The first English settlement, Jamestown, was a corporation. The people who first lived there were all employees of that corporation and could not own anything themselves. Massachusetts Bay Colony was founded as a corporation as were several other colonies and Dartmouth, Harvard, and Yale. In the first business related case before the Supreme Court in 1809, Bank of the United States vs. Derveaux, the bank won. It was the first Supreme Court case which dealt with the constitutional rights of corporations. With occasional exceptions, since that first case, the Supreme Court has generally sided with businesses.
Corporate and business donations to presidential campaigns began over a hundred years ago with the election cycle of McKinley vs. William Jennings Bryan. Marcus Alonzo Hanna realized just how much money could matter and transformed the campaign process. He created the first national advertising campaign. This new strategy required money, lots more than the traditional campaigning methods. Where did he acquire this money? Corporations. He coined the phrase, “There are two things important in politics. The first is money, and I can’t remember what the second one is.”
In a case in 1916, Dodge Brothers vs. Ford Motor Company, Ford lost because of his testimony when he said he had the right to make business decisions in the interests of the general public even if stockholders had to sacrifice. The Michigan Supreme Court ruled against him, stating that they could not commit to the concept that “a general purpose and plan to benefit mankind at the expense of stockholders” is acceptable.
Although there have been periods of time when the Supreme Court of the US has been prone to limit the rights of corporations, they have been brief in comparison to periods where corporate rights were increased by Supreme Court decisions. The extension of corporate rights to free speech began long ago in Britain. However, in the US, the Fourteenth Amendment was used in the case of Grosjean vs. American Press Company to guarantee free speech rights to corporations. This case decades ago is, along with many other cases, a precursor to Citizens United.
If you want to understand how corporations have increasingly attained rights, I highly recommend this book. It will give you new insights into where we are now and how we got to this point regarding the rights of corporations in the United States.

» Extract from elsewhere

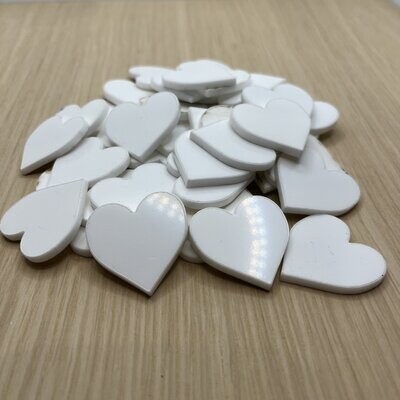 3cm Hearts White Acrylic - bag of 50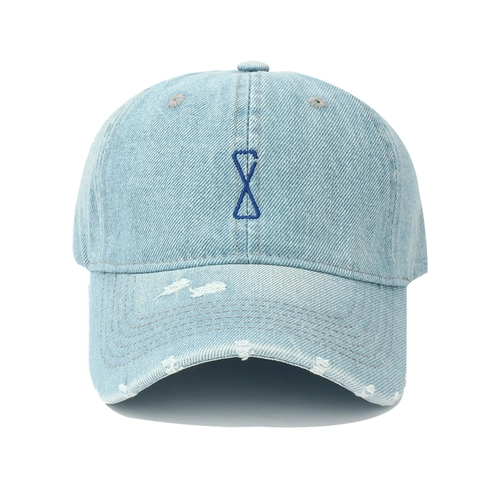 Vintage Distressed Denim Baseball Cap Washed Cotton Embroidered Peaked Hat For Men Women Adjustable Sunshade Streetwear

Thank you, Juliana for this “heads up”. I have always assumed that the organizational aspects of the early pilgrims were around church or doctrinal concepts. They did, though, have governors (legal speak) as well as Preachers. My head is spinning. How do we shift this heavy load to a community-focused society? Is that reverting back to the Rule of Rome and city-states and away from democracy? Spinning!
I learned a huge amount of information I did not know when I read this book.
Would it be okay if I posted this on my FB?